O conto de Érico Verissimo discorre sobre o tema do outono do patriarca – no caso, um general da reserva na cidade de Jacarecanga que lembra com saudade de velhos embates entre maragatos e chimangos e do tempo em que mandava um diretor de jornal engolir literalmente a matéria que havia escrito atacando o militar. O velho é acossado por Petronilho, seu criado negro, que teve o pai morto pelo próprio general e se delicia em assistir aos últimos dias da besta-fera. Também deriva desse subgênero o conto de Otto Lara Resende, que segue, em precisa linguagem, a ascensão fulminante de um indivíduo sem nenhum talento a não ser aquele de fazer-se notar pela absoluta isenção política – o cara que não se compromete, o homem que não estava lá, como essência do ser político – até se tornar ditador de seu país.
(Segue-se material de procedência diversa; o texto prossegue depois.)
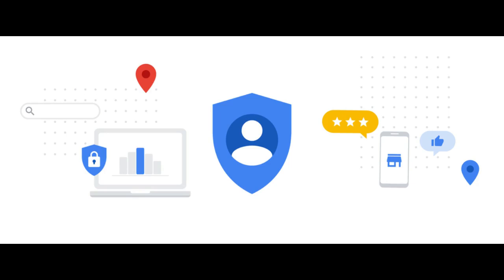While password managers and legacy forms of two-factor authentication offer incremental improvements, there has been industry-wide collaboration to create sign-in technology that is more convenient and more secure.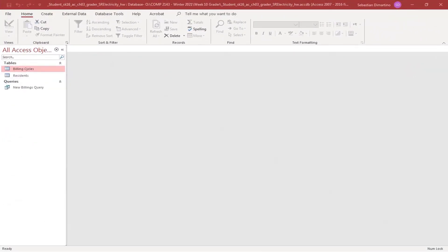Hello students, welcome back. We're going to do a video today on our assignment in Microsoft Access. This is for our forms, it's chapter 3, and the one we're going to be working with is the Aspen Falls electricity billings. By now you should have the file open.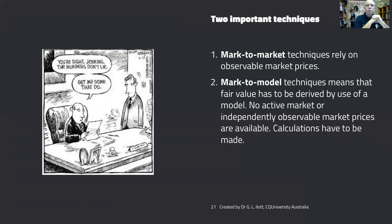The second model is mark-to-model techniques, for assets that don't have an active market and don't have publicly available prices. For these assets, fair value accounting allows you to use accepted modelling techniques that usually involve present values and cash flows.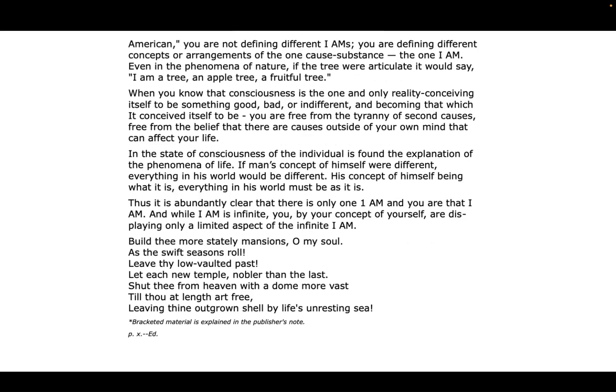Even in the phenomena of nature, if the tree were articulate, it would say, 'I am a tree, an apple tree, a fruitful tree.'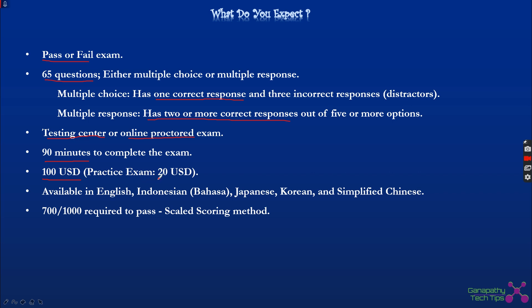There is also a practice exam available for $20 USD. I personally used to take practice exams to check my understanding and knowledge in specific areas. The practice exam is a smaller version of the original — it covers different domains and categories from the exam guide with a minimal number of questions, around 10 to 20, within a set time frame.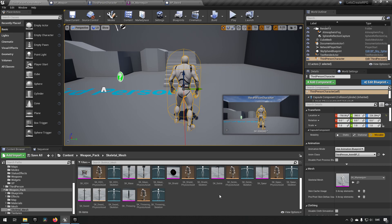We'll be getting back to clean this up later, but for now this is where it will stay. I think this is a good place to stop for now — hope to see you in the next episode.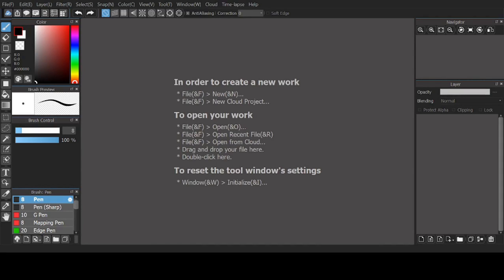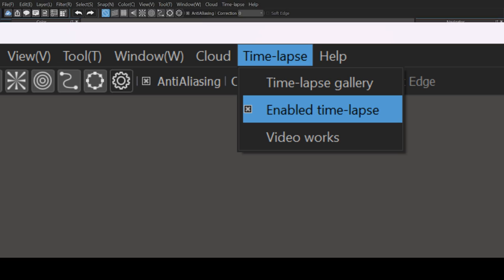Medibang now allows you to create speedpaints or timelapses. Go to the second-to-last drop-down menu and make sure it's enabled to record.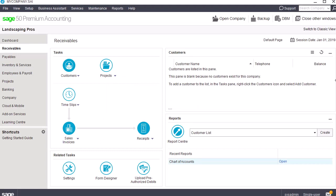If the data file was moved locally for the conversion, you may now close Sage50 and move the company back to its original location. Congratulations! You now know how to convert a Sage50 data file to a newer version of Sage50.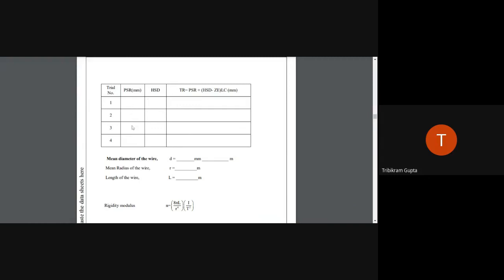Take the pitch scale reading and head scale reading at three to four different points along the wire and average the readings. The combined total reading gives the diameter, and the average gives the average radius of the wire. Thank you.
Exemplar solitário no gênero realismo fantástico, Seminário dos Ratos é uma das melhores narrativas de Lygia Fagundes Telles, um dos seis autores vivos presentes na coletânea. Trata da praga da burocracia, aqui representada por funcionários da Ratesp, que pretende eliminar os cada vez mais numerosos ratos da república. Claro que o trabalho só faz gerar mais ratos (mais ou menos como a indústria da seca no Nordeste produz mais esfaimados e os bilhões despejados em projetos de despoluição do rio Tietê nunca resolvem de fato o problema). O conto, cuja progressão de pesadelo evoca A Casa Tomada, de Julio Cortázar, é todo estruturado em conversas hilárias.

 

Em troca de dinheiro

Um par de contos também fundados em diálogos encerram a engraçada e por vezes revoltante antologia. Possivelmente o maior dialoguista do Brasil, Luiz Vilela constrói em Más Notícias uma narrativa toda no papo entre correligionários e um candidato a prefeito cujo caminhão de comício acabou atropelando boias-frias. No desdém pela morte de uns pobres coitados que só serviriam para eleitores, Vilela exibe a mesquinharia miúda do poder – o final é de uma ambiguidade antológica. O outro conto é Na Serra, Fora Dela, de Marçal Aquino. Aqui, não há política ou políticos, mas tão-somente o jogo de poder entre quem tem – o narrador anônimo, amoral, desencantado e cúmplice de um fazendeiro que trata os funcionários como escravos – e quem não tem, como o pai de duas meninas oferecidas em troca de dinheiro. A corrupção é tão profunda que parece arcaica, não fosse o conto uma espécie de fábula contemporânea, em que o narrador se assusta com a possibilidade de “envelhecer e continuar acreditando que, no fim, as coisas podem acabar, de alguma maneira, dando certo”. Pelo conjunto de histórias do livro, o leitor certamente decidirá que, se desde o começo as coisas não foram feitas à correção, não há redenção ou final feliz possível – a não ser que se dê um jeitinho.